91.1 Mrs De Kock at first said that Mr Engelbrecht had told her that “150,200” vines were missing/dead after the frost.  Later in her cross-examination Mrs De Kock said that they had stopped at a spot where she was told “here short a few”.  What would that have meant?  At a later stage Mrs De Kock testified that Mr Engelbrecht and Mr Opperman had said “here are a few missing like in 200 or so”.  Later yet she testified that she had in fact been told that there were 200 vines short.  Eventually she testified that she had been told that there were “a few” vines short or missing, which she had then interpreted to mean “one or two hundred”.

91.2 In cross-examination of Mr Opperman it was put to him that a specific area had been indicated to Mrs De Kock and that she had been told that there were “a few vines[24] missing there.  It was not put to Mr Opperman that any figure was mentioned to Mrs De Kock and the impression was created by counsel that it had been Mrs De Kock’s own estimate that about 150 to maximum 200 vines were missing there[25].

93.3 According to Mr Kempen Mr Opperman had said “as you can see there are a few vines missing here”[26].  But according to Mr Kempen this had been said with reference not just to a limited area as suggested by and on behalf of Mrs De Kock, but as they were driving around the vineyards on Lot 83, and therefore it would seem with reference to the vineyards in general in that area.  Mr Kempen said that the absence of vines was visible on the outer perimeter of the vineyards on the side of the vehicle were Mrs De Kock was seated.  That there were vines missing over a general area must therefore on this version have been plain to Mrs De Kock.  Yet it is clear that she never attempted to leave the vehicle to see, for example, how far into the vineyards vines were missing.
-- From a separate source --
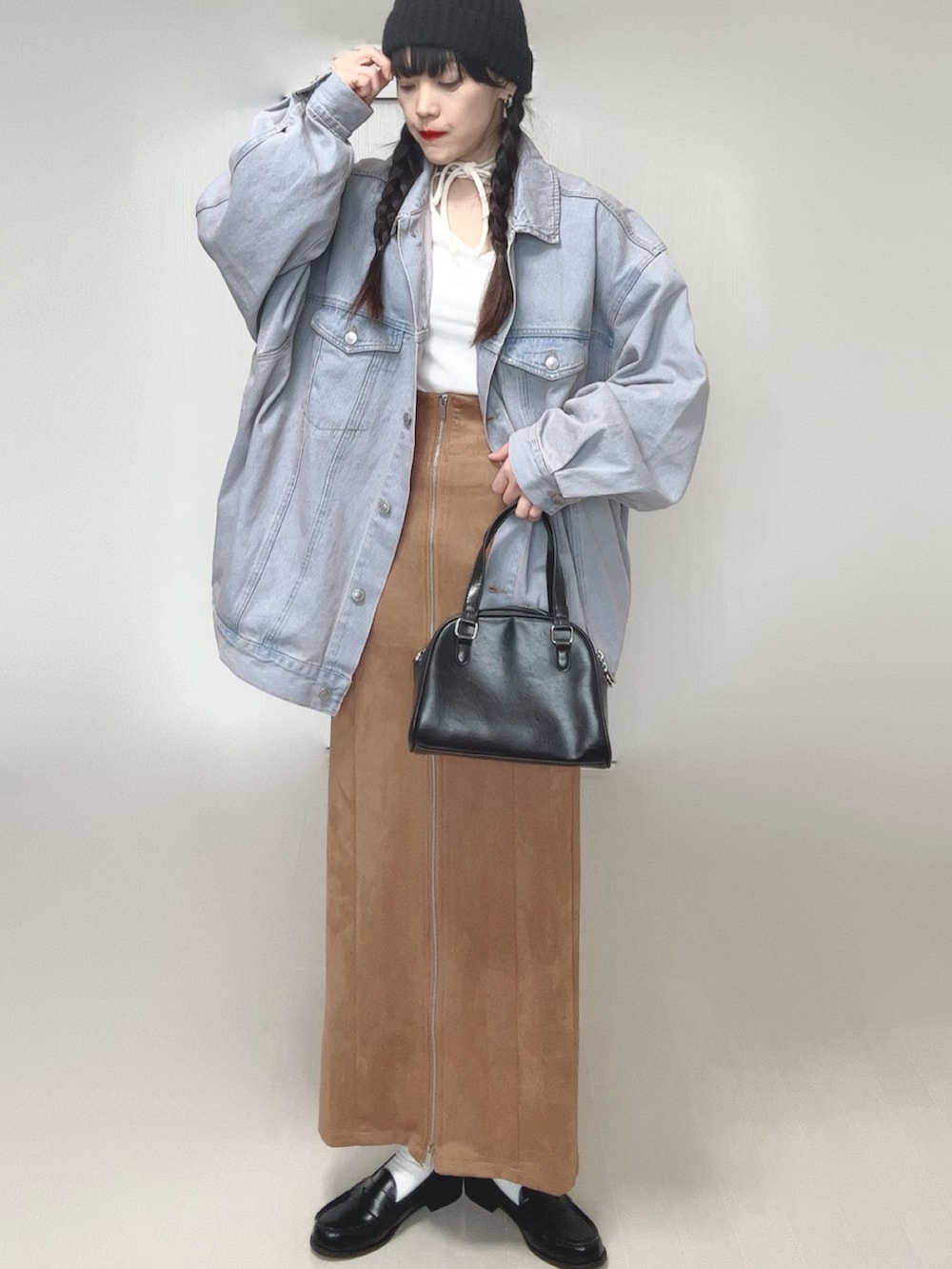 ホワイト系のTシャツ/カットソー、ピンク系のデニムジャケット、ベージュ系のスカートを着用したレディースの冬コーディネートの4枚目の写真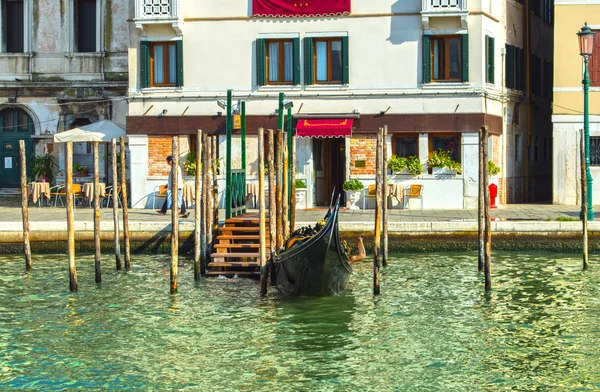 İskele gondol Venedik. Grand canal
93.4 At first Mr Kempen did not want to say what conclusion had been reached as regards the number of missing vines, but when in re-examination Mrs De Kock’s evidence in this regard was presented to him, he not surprisingly also arrived at an estimate of 150.

[92.] I would therefore not on the evidence of Mrs De Kock and Mr Kempen have been prepared to accept that they had reason to believe that the number of missing vines could not have been more than 200.

[93.] As regards the exact number of missing vines (which was placed in dispute in the respondent’s plea to the appellants’ counterclaim), the evidence of Mrs De Kock that she had counted the vines after the 2014 harvest and had concluded that there were only 7 581 vines in the particular area, instead of the number 10 142 reflected in exhibit “C”, appears to have been contradicted by Mr Mosemeng, who said that no counting of vines had been done after Mr Engelbrecht had left.  Mr Mosemeng was also clearly unsure of how many vines had been planted to replace those lost in the frost of September 2013.  Not much turns on this however.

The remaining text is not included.